*** Opening LISTED RECORDS ***

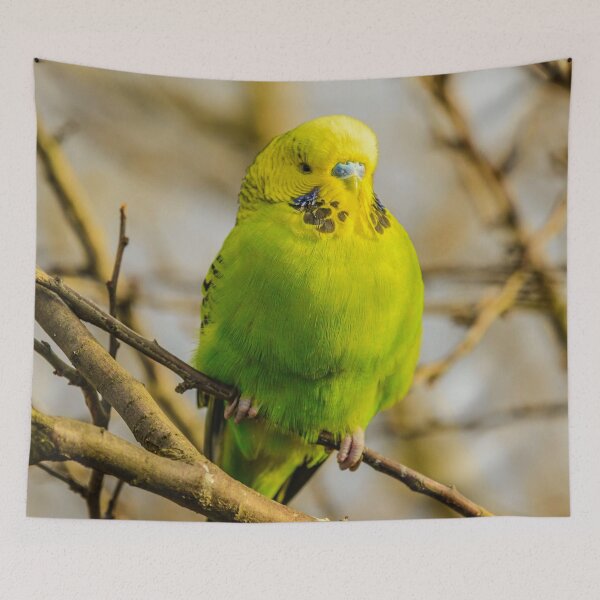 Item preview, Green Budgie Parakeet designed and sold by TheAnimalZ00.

*** Closing LISTED RECORDS ***
*** Opening LISTED RECORDS ***

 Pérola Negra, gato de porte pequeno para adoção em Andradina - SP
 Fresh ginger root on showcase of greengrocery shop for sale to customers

*** Closing LISTED RECORDS ***

◆ TO DO
Reproduce, exactly as they stand in the data above, the lines from the one that holds "Pérola Negra, gato" to the one that holds "Fresh ginger root", inclusive.

◆ ANSWER TO THE PROBLEM
 Pérola Negra, gato de porte pequeno para adoção em Andradina - SP
 Fresh ginger root on showcase of greengrocery shop for sale to customers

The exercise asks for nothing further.